Short descriptive text snippets:
_ _ _

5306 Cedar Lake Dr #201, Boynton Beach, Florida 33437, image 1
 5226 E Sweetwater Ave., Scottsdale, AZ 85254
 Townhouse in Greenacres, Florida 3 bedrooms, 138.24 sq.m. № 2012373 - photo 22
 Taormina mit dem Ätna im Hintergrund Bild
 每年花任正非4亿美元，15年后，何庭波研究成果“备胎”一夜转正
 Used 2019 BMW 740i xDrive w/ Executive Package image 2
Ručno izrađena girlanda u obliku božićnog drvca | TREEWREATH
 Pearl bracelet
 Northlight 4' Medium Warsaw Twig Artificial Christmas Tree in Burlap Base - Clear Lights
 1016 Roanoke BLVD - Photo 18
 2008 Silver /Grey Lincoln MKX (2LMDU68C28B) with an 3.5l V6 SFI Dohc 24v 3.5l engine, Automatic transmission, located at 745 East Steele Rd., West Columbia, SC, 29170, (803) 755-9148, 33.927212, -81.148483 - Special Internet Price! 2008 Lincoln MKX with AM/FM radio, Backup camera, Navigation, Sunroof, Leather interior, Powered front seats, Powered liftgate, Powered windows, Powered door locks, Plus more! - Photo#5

_ _ _

> **PROBLEM DESCRIPTION**
Which lines of the data include the string "Florida"? Find them and copy each one.

> **RESULT**
5306 Cedar Lake Dr #201, Boynton Beach, Florida 33437, image 1
 Townhouse in Greenacres, Florida 3 bedrooms, 138.24 sq.m. № 2012373 - photo 22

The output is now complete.